JASON H. answered • 09/06/21
Rocket scientist tutoring STEM topics
The bullet is in contact with the board at the tip of impact to the tail of the exit (surface traction). This a contact length of 14.35 cm and a reduction in speed of 156 m/s.
Using the distance equation we can estimate the time of impact.
d = v*t
0.1435 m = 156 m/s * t --> t = 0.0009198 seconds or 0.92 ms (Answer B)
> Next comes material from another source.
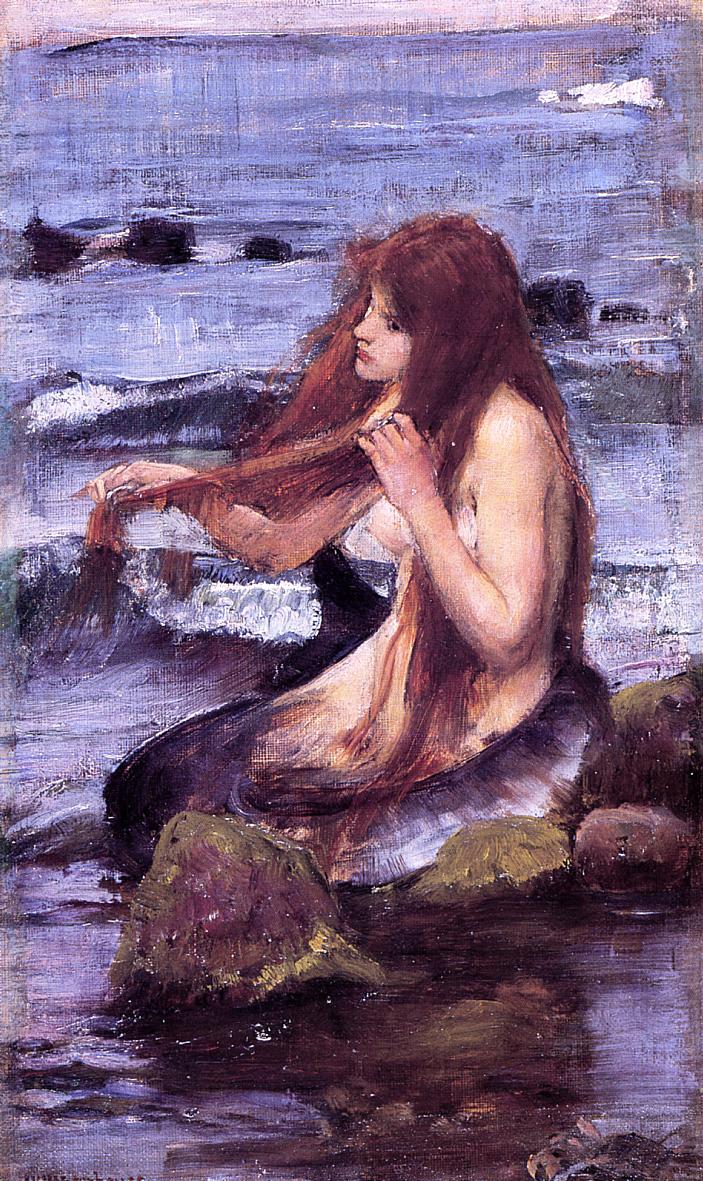 Sketch for A Mermaid (1892) by John William Waterhouse, showing a red-haired mermaid seated on rocks, gathering her long hair as violet-gray waves and white foam churn behind her.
Using the time we can calculate the average acceleration.
Aavg = dV/dt = -156 [m/s]/0.0009198 [s] = -16.958 km/s (Answer A)
Using the X-acceleration equation we can find the depth of boards needed to stop the bullet.
x(t) = x0 +v0*t +1/2 Aavg *t^2
First derivative test to find time until stopping distance
0 = 0 +v0 +Aavg*t --> t(stop) = 0.005366 seconds or 5.366 ms
Applying this to the distance equation
d(stop) = 455[m/s] *0.005366[s] =2.4388[m]
knowing we need the length of the bullet in addition to our boards we can find the number of boards required
(n*board_length +bullet_length) = d(stop)
n*12cm +2.35cm = 243.88cm --> n = 20.1275 (Answer C)
Assuming we cannot have a fractional amount of stacks so we need a minimum of 21 boards to stop the bullet.